Peter Thiel, Trump’s Tech Pal, Explains Himself

When I ask him if he can explain to Mr. Trump that climate change is not a hoax perpetrated by the Chinese, he offers a Chinese box of an answer: “Does he really think that? If he really thinks that, how would you influence that? If he really thinks that and you could influence him, what would be the best way to do it?”

One could have predicted Mr. Thiel’s affinity for Mr. Trump by reading his 2014 book, “Zero to One,” in which he offers three prongs of his philosophy: 1) It is better to risk boldness than triviality. 2) A bad plan is better than no plan. 3) Sales matter just as much as product.

.. “There are reduced expectations for the younger generation, and this is the first time this has happened in American history,” Mr. Thiel says. “Even if there are aspects of Trump that are retro and that seem to be going back to the past, I think a lot of people want to go back to a past that was futuristic — ‘The Jetsons,’ ‘Star Trek.’ They’re dated but futuristic.”

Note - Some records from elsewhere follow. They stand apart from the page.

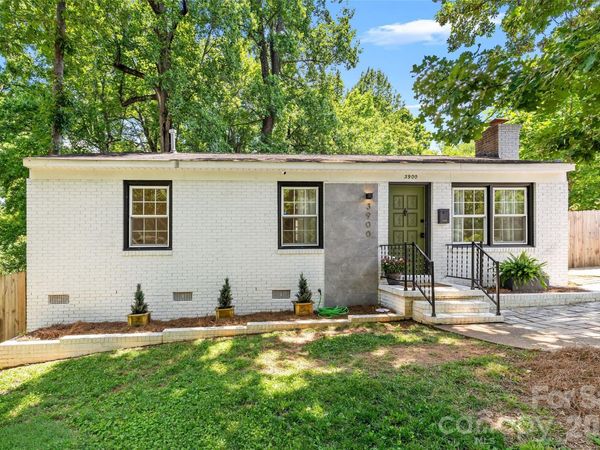 3900 Dunwoody Drive, Charlotte, NC 28215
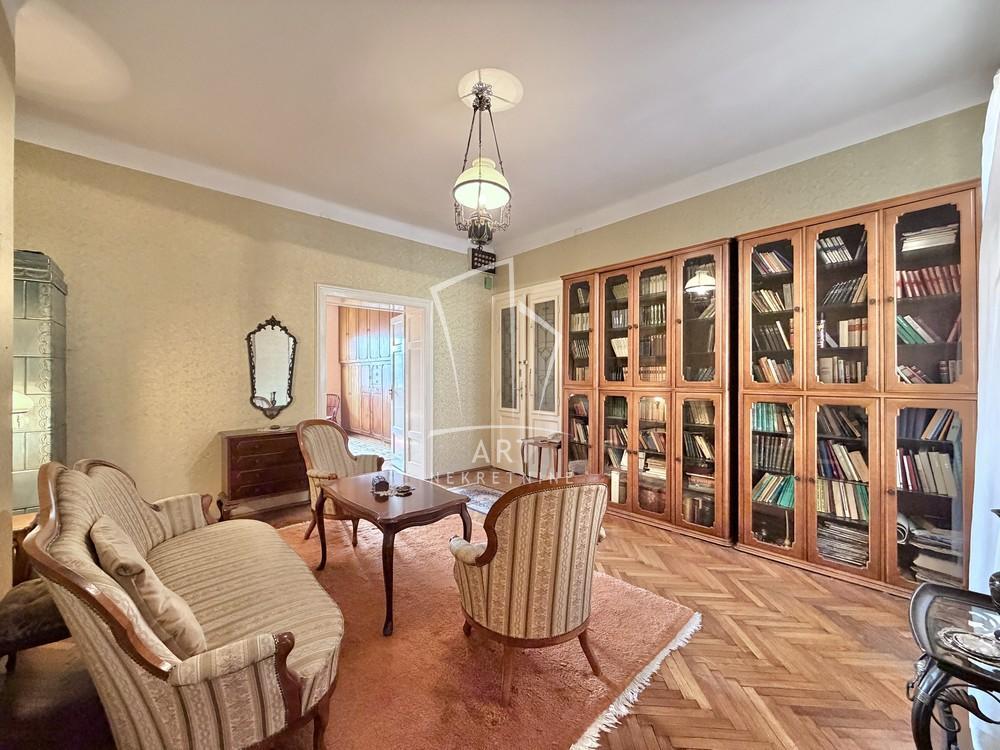 Glavna slika -Svetozara Radića, Trosoban stan na prodaju, 103m2, 330.000€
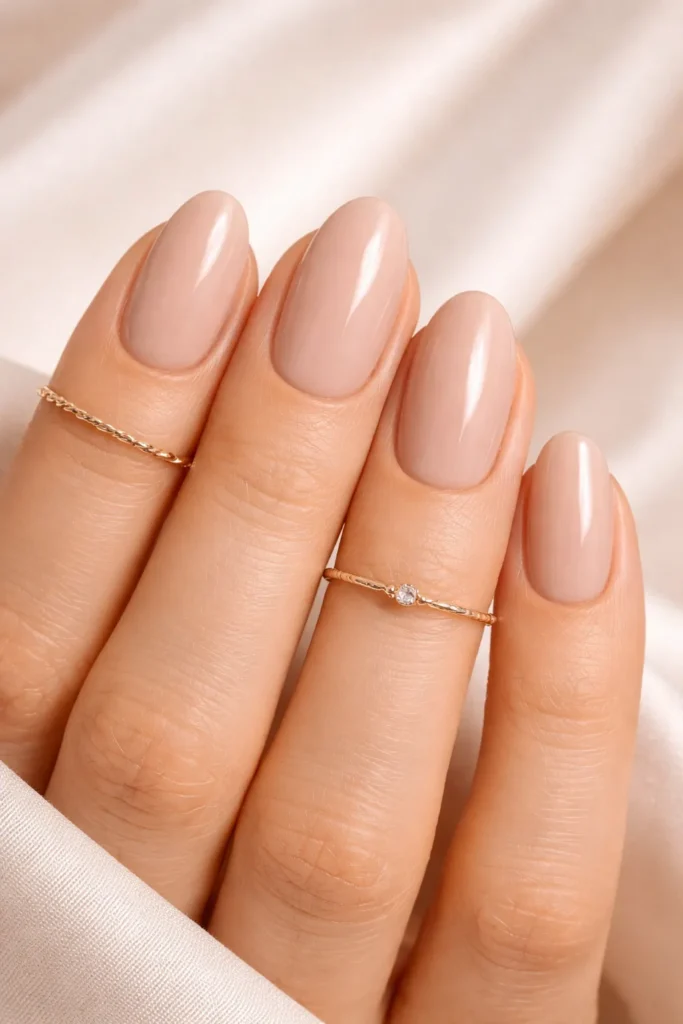 Gorgeous Nail Shapes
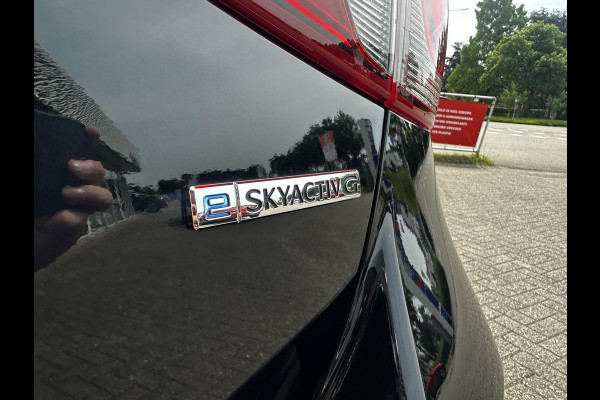 Mazda 2 1.5 e-SkyActiv-G 90 Homura | DEALERONDERHOUDEN | 4-SEIZOENBANDEN | NL-AUTO |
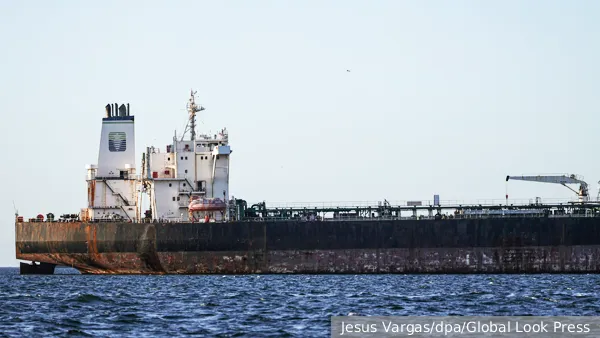 В стране БРИКС отказались проводить платежи за нефть из России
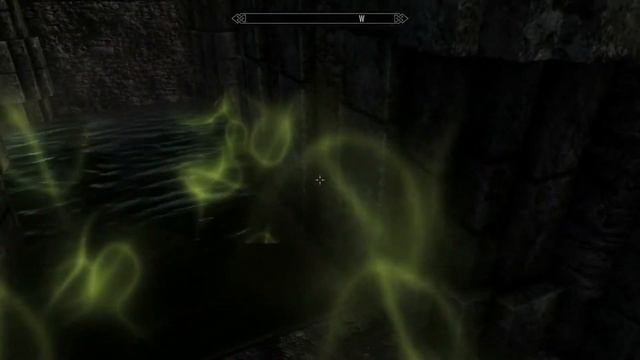 Wyvern Rock Castle Secrets (Skyrim SSE mod) - Part Two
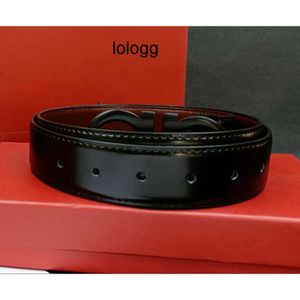 belt for chastity wholesale FeRAgAmOs luxury belts designer Classic men big buckle male FL top fashion mens Smooth leather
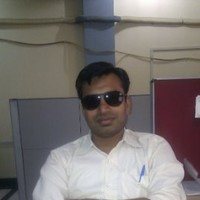 Nitin Kumar Jain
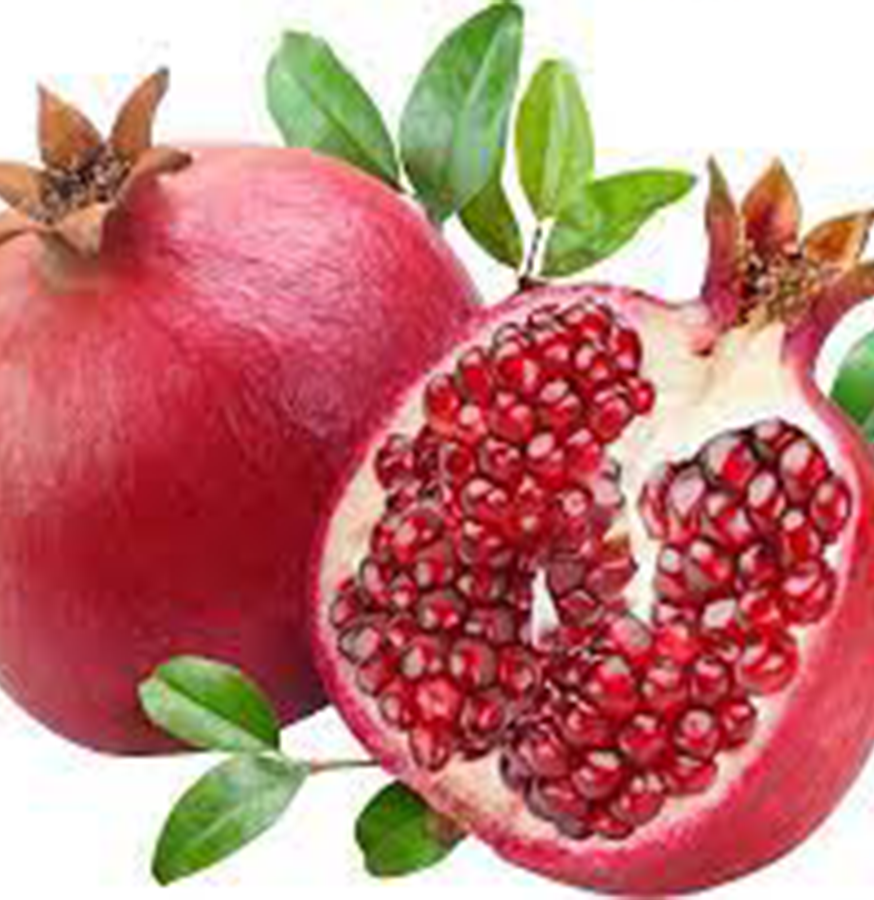 Pomegranate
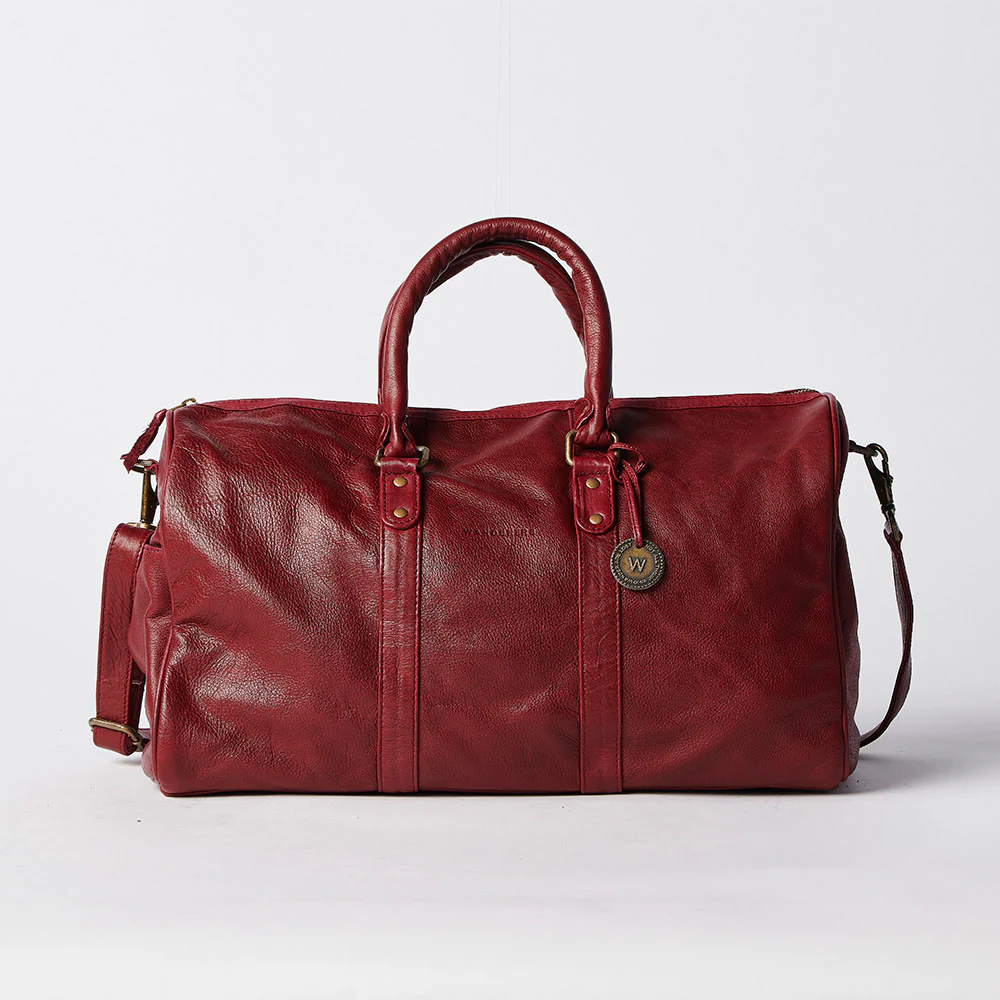 The Santiago Gym Bag - Image 26
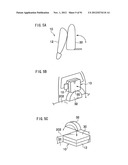 Seat Structure and Vehicle diagram and image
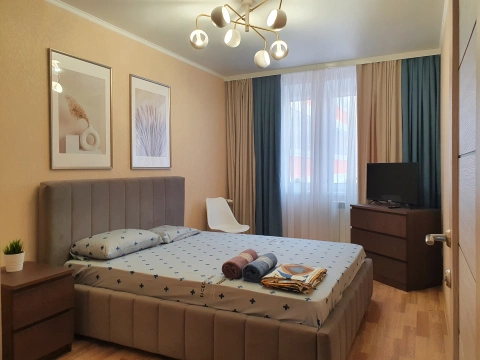 Респ Татарстан, г Альметьевск, ул Рината Галеева, д 35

.. “One of my good friends said, ‘Peter, do you realize how crazy this is, how everybody thinks this is crazy?’ I was like: ‘Well, why am I wrong? What’s substantively wrong with this?’ And it all got referred back to ‘Everybody thinks Trump’s really crazy.’ So it’s like there’s a shortcut, which is: ‘I don’t need to explain it. It’s good enough that everybody thinks something. If everybody thinks this is crazy, I don’t even have to explain to you why it’s crazy. You should just change your mind.’”

.. “You know, maybe I should be worried but I’m not that worried about it,” he replies. “I don’t know. People know too many gay people. There are just all these ways I think stuff has just shifted. For speaking at the Republican convention, I got attacked way more by liberal gay people than by conservative Christian people.

.. “I don’t think these things will particularly change. It’s like, even if you appointed a whole series of conservative Supreme Court justices, I’m not sure that Roe v. Wade would get overturned, ever. I don’t know if people even care about the Supreme Court. You know, you’d have thought the failure to have a vote on Merrick [Garland] would be a massive issue. And somehow it mattered to Democrats, but it didn’t matter to the public at large.”